O direito de ação —já visto como incondicionado— pertence a todos quantos aleguem ter sido lesados em seus direitos ou que estejam em vias de. Não apenas os indivíduos, mas também as pessoas jurídicas e algumas entidades despersonalizadas, como órgãos administrativos (PROCON, p. ex.) ou as chamadas pessoas formais (condomínio, massa falida, espólio etc.) têm o direito de formular pretensão perante o Poder Judiciário.
O conteúdo desta garantia era entendido, durante muito tempo, apenas como a estipulação do direito de ação e do juiz natural. Sucede que a mera afirmação destes direitos em nada garante a sua efetiva concretização. É necessário ir-se além. Surge, assim, a noção de tutela jurisdicional qualificada. Não basta a simples garantia formal do dever do Estado de prestar a Justiça; é necessário adjetivar esta prestação estatal, que há de ser rápida, efetiva e adequada. Esta última característica é que aqui nos interessa: atualmente, fala-se em tutela jurisdicional adequada. O que significa?

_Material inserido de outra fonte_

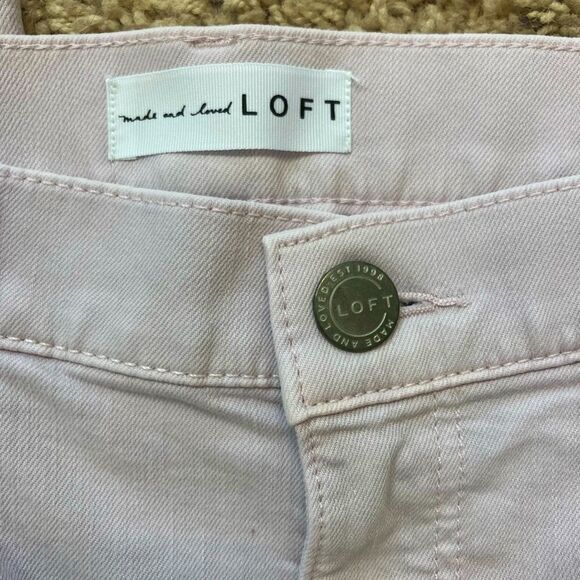 LOFT lavender modern skinny crop jeans w/cool raw hem NWOT run big for size - Picture 4 of 10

O princípio da inafastabilidade garante uma tutela jurisdicional adequada à realidade da situação jurídico-substancial que lhe é trazida para solução. Ou seja, garante o procedimento, a espécie de cognição, a natureza do provimento e os meios executórios adequados às peculiaridades da situação de direito material.15 É de onde se extrai, também, a garantia do devido processo legal.16 E daí se retira o princípio da adequação do procedimento, que nada mais é do que um subproduto do princípio da adequação da tutela jurisdicional.17
O cidadão, para obter aquilo que realmente tem direito de obter, precisa de uma série de medidas estabelecidas pelo legislador, dentre as quais avulta a criação de um procedimento adequado às particularidades de seu direito.18 As medidas hão de estar previstas expressamente pois a previsibilidade e a anterioridade do procedimento é que conferem à decisão judicial os penhores de legalidade e legitimidade, sendo dele requisitos inafastáveis.19 A importância deste princípio na criação legislativa é, pois, fundamental.20
São estes os principais aspectos a ser ressaltados na caracterização ´da garantia da inafastabilidade do Poder Judiciário. São os elementos necessários para a compreensão de vários problemas que dela decorrem, por exemplo: a) o controle jurisdicional das decisões administrativas, inclusive as proferidas por agências reguladoras (CADE, CVM etc.); b) a constitucionalidade da exigência de conciliação prévia para a instauração do processo trabalhista (manifesta inconstitucionalidade); c) arbitragem compulsória por força de lei (não confundir com a arbitragem convencional permitida (LF 9.307/96), mas não imposta, pela lei).